Gap Analysis: Identify any metrics that are:
- Missing: No code found.
- Partial/Incorrect: Code exists but lacks specific logic (e.g., missing the “10th percentile” calculation for density).
- Implemented: Logic appears correct and complete.
Language: Provide your final report in [English or Korean - choose your preference], but keep the Metric Names exactly as they appear in the criteria list for consistency.

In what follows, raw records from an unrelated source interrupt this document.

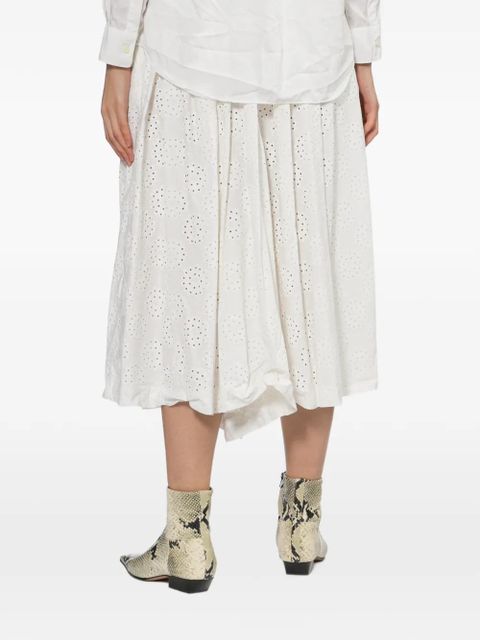 Comme Des Garçons eyelet trousers - White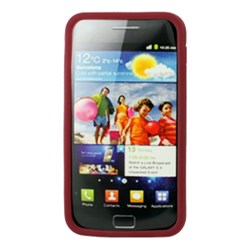 Samsung Compatible Silicone Skin Cover - Dark Red ILS-SAD710-RD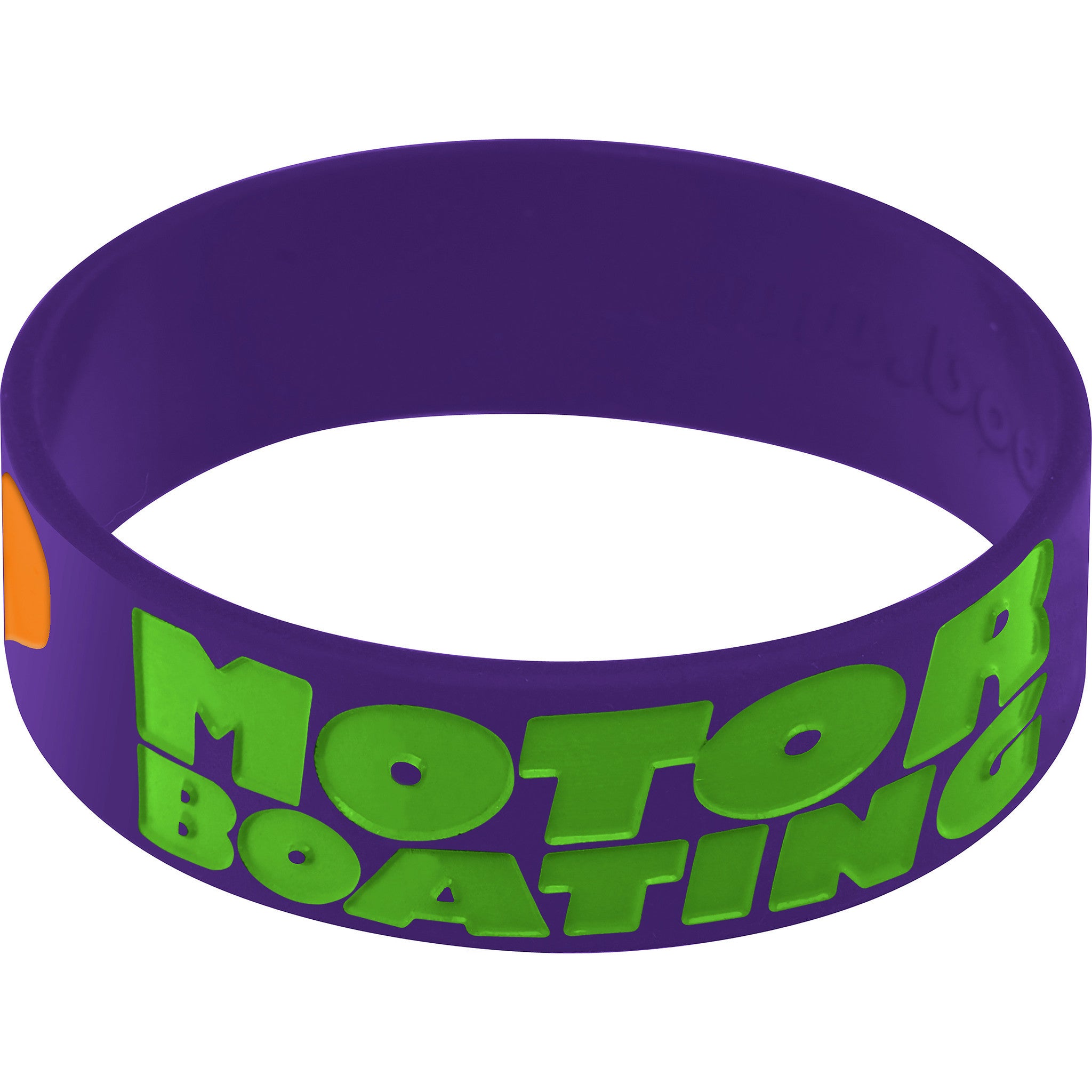 Purple Green I Love Motor Boating Breast Cancer Bracelet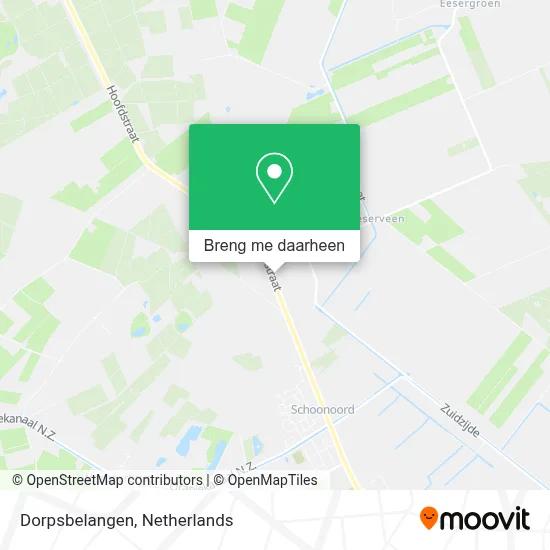 Dorpsbelangen kaart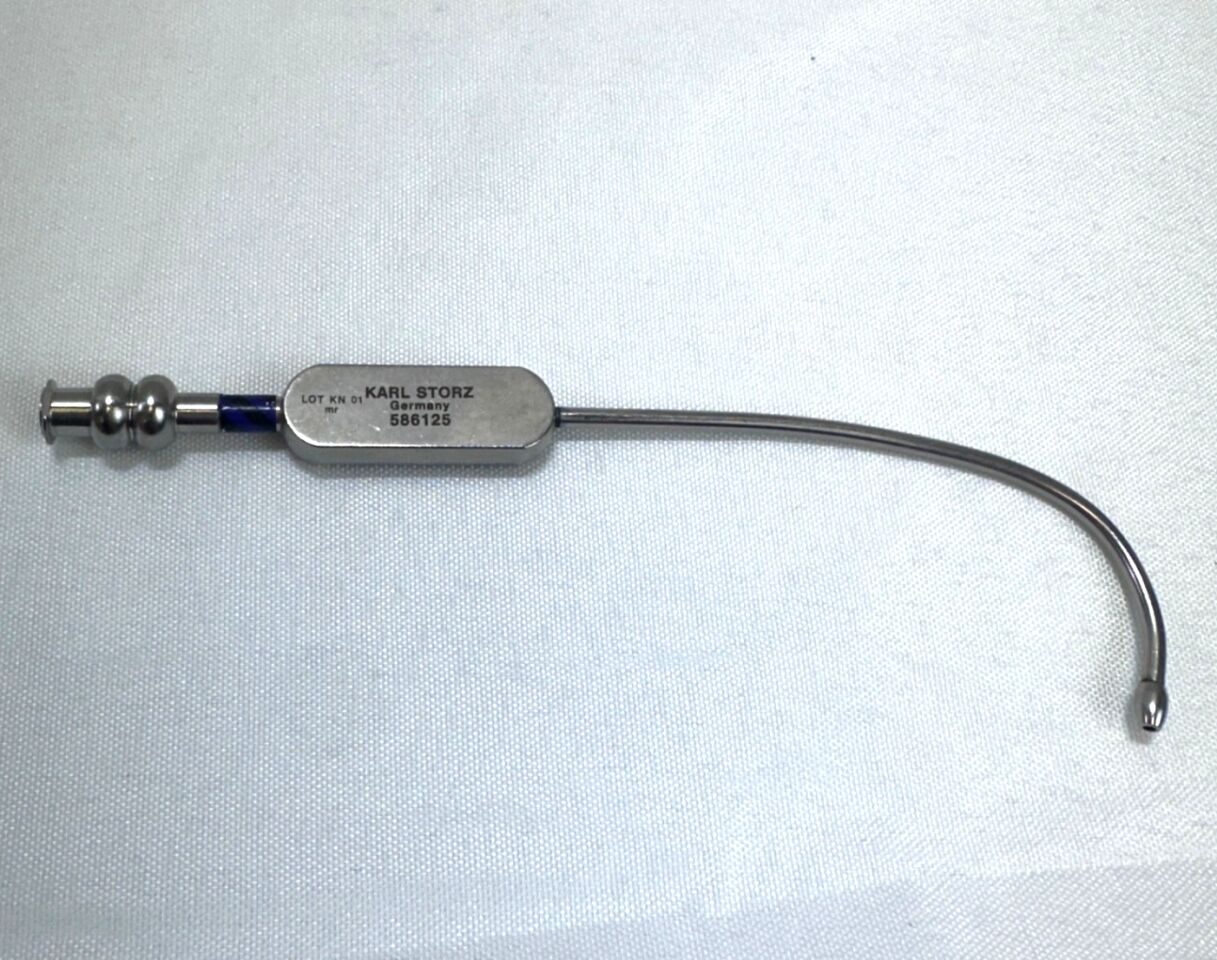 KARL STORZ 588125 Antrum Cannula, Long curve O 2.5 mm, 12.5 cm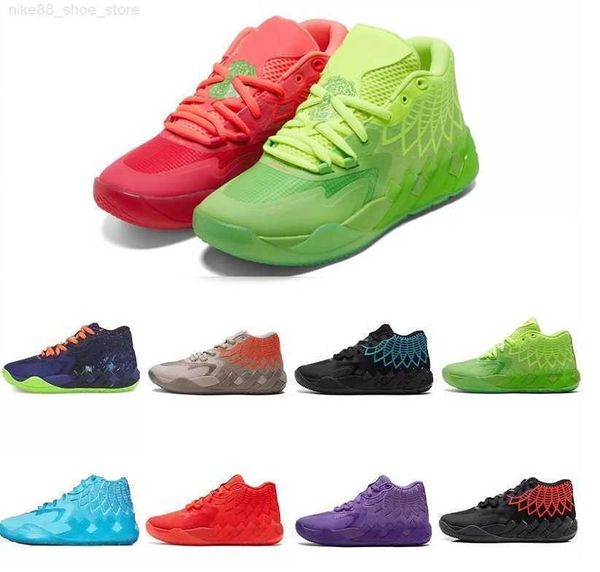 

2022 lamelo ball mb.01 signature basketball shoes buzz city not from here red blast rock ridge yakuda store, Black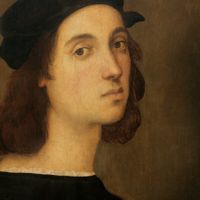 Raffaello Sanzio - Autoritratto di Raffaello - Olio su tavola, 47,5 x 33 cm - Galleria degli Uffizi, Firenze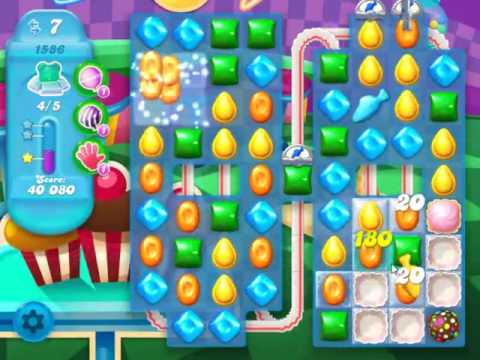 Candy Crush Soda Saga Level 1586 - NO BOOSTERS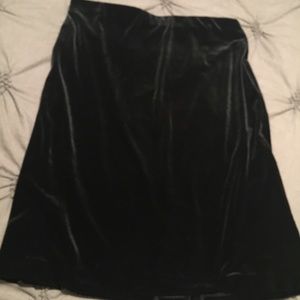 Calvin Klein velvet skirt
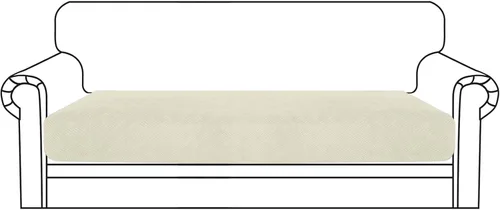 Miniatura 59 de YEMYHOM 【Liquidación】 Fundas Elásticas para Cojines de 1 Pieza, Fundas de Cojín de Asiento para Sofá y Silla, Funda Suave de Sofá de Repuesto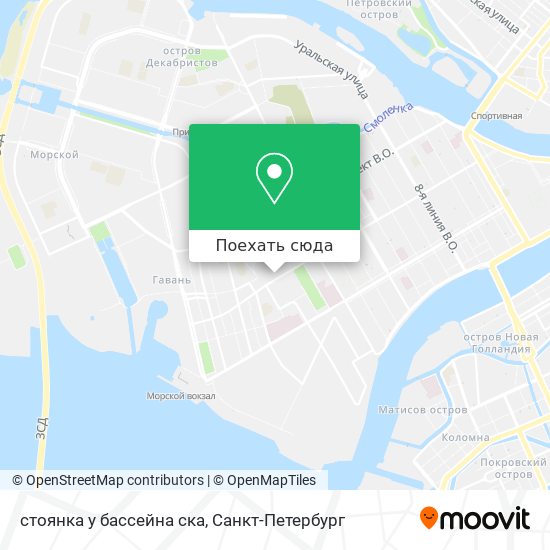 Карта стоянка у бассейна ска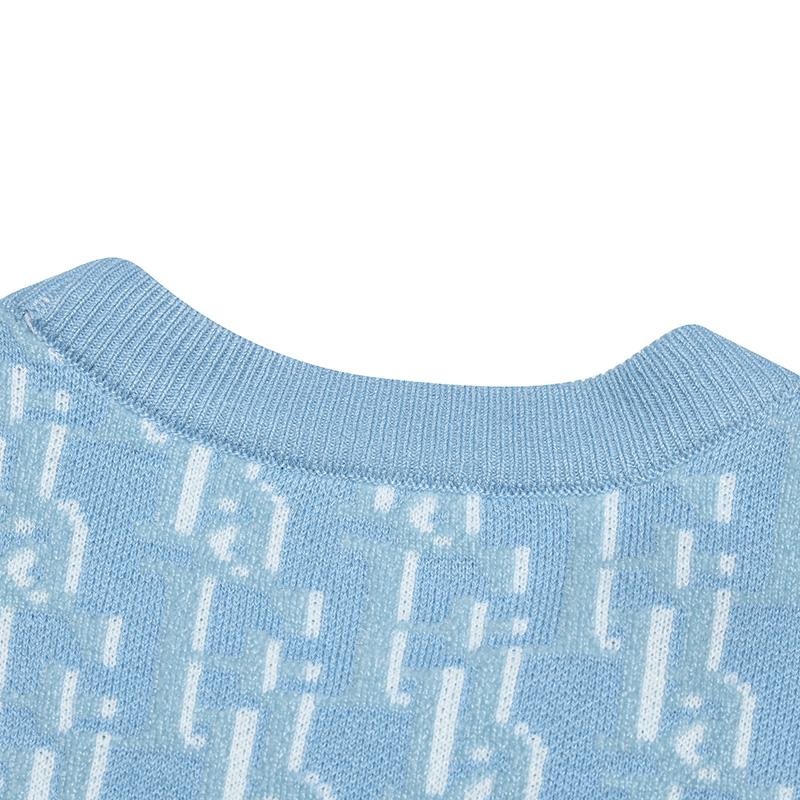 New FILA Knitwear Women's Hanging Clock Blue F11W448406F-LB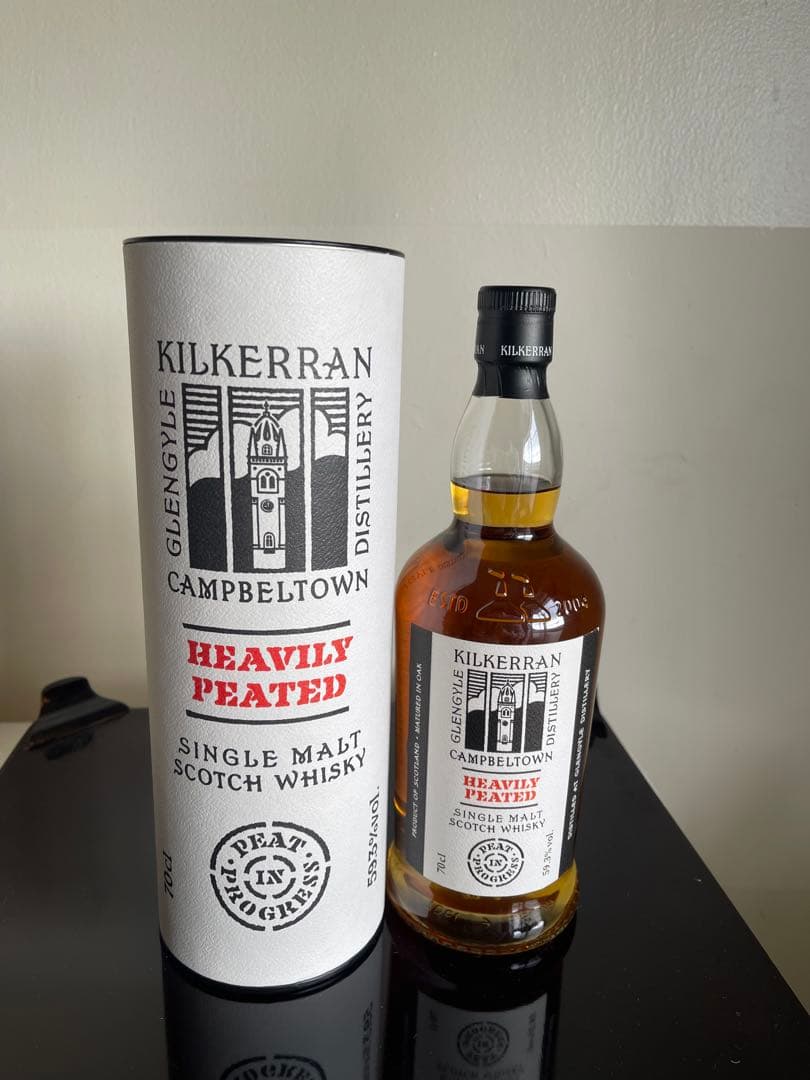 ウイスキー キルケラン べビリーピーテッド バッチNo1 700ml 59.3%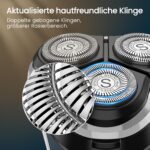 SweetLF Elektrorasierer Herren – Nass- & Trockenrasierer mit IPX7 & 4D-Drehköpfen – Bild 2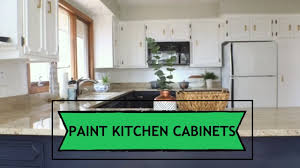 how to paint old kitchen cabinets white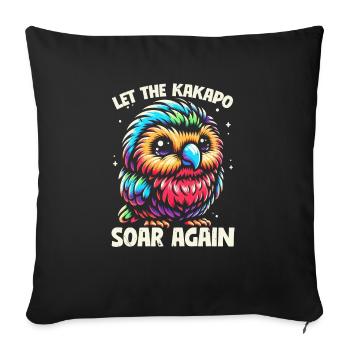 Gefährdete Tierarten Kakapo Tierrechtsaktivist - Sofakissenbezug 45 x 45 cm - Schwarz - Vorne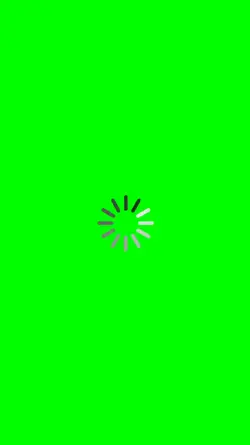 Loading green screen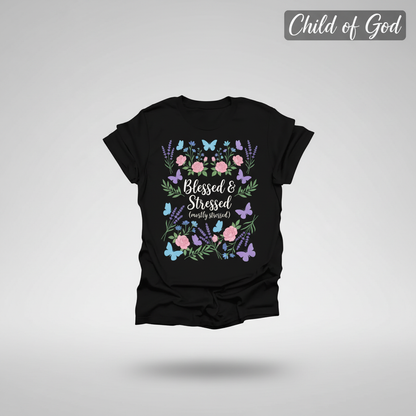 Blessed & Stressed T-Shirt_3d_float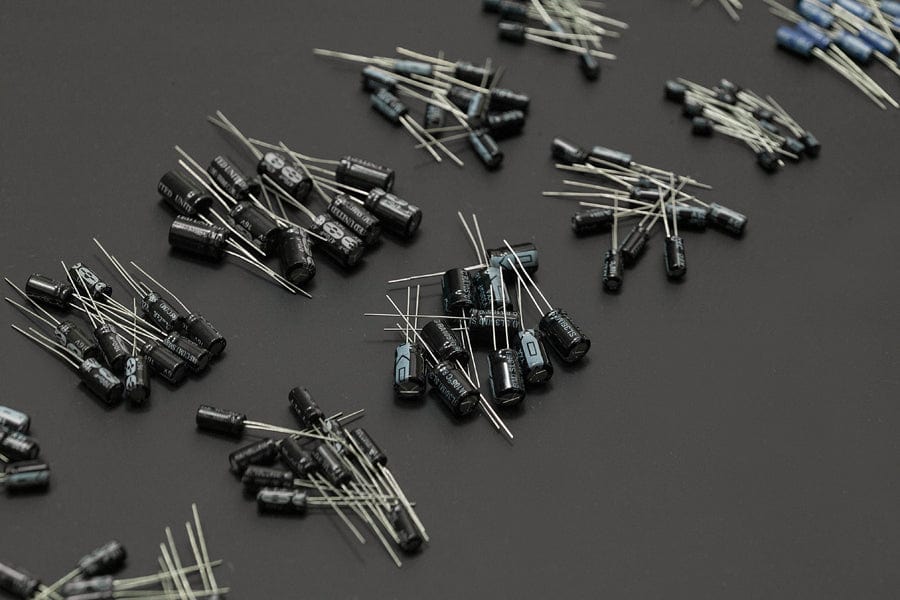 Aluminium Electrolytic Capacitor Pack - 120 Pieces by DFRobot - The Pi Hut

Evaluation Criteria List (The Checklist):

Detection + Ghost Filter Evaluation
- GT Object Detection Rate (P_det)
- Peak Detection Quality (SNR/RCS Peak within Object)
- Ghost Point Ratio/Density (Non-associated points)
- Continuity (Drop rate)
- First-detection Latency (Initial detection distance)
- Multipath - False Point Evaluation (False Positive)
- Freespace - False Point Evaluation (False Positive)
- Cluster - False Point Evaluation (Check if logic limits evaluation to < 40m range)
- Ghost Filter Performance (Pre/Post comparison)
- Detections Saturation Index
Location Accuracy Evaluation
- Range Error (Point-wise)
- Azimuth/Elevation Angle Error
- Object Centroid Accuracy (Cluster vs. GT BBox Center)
- Heading Accuracy (Cluster vs. GT Heading)
- Static Structure (Plane) Alignment Error
Doppler (Velocity) Evaluation
- Static Structure Doppler Accuracy (Consistency at 0 velocity)
- Dynamic Object Doppler Accuracy
- Doppler Variance within the same Object
- Doppler-Spatial Consistency
RCS Evaluation
- RCS Glint Evaluation (Static Objects)
- RCS Glint Evaluation (Dynamic Objects)
- RCS-Range Consistency
Density & Homogeneity Evaluation
- Points per Object (Median) - Grouped by Class/Range bin
- Lower Bound of Points per Object (10th percentile)
- Angular Cell-based Homogeneity (Cell Coverage)
- Object Surface Homogeneity

Required Output Format:

Please present your findings in a Markdown table followed by a summary:

Category	Metric Name	Status (✅ Implemented / ⚠️ Partial / ❌ Missing)	File/Function Location	Logic Check / Notes
Detection	GT Object Detection Rate	✅ Implemented	`eval_metrics.py`, `calc_p_det()`	Correctly matches GT IDs.
Detection	Cluster - False Point	⚠️ Partial	`cluster_eval.py`	Issue: Logic analyzes all ranges; the < 40m filter is missing.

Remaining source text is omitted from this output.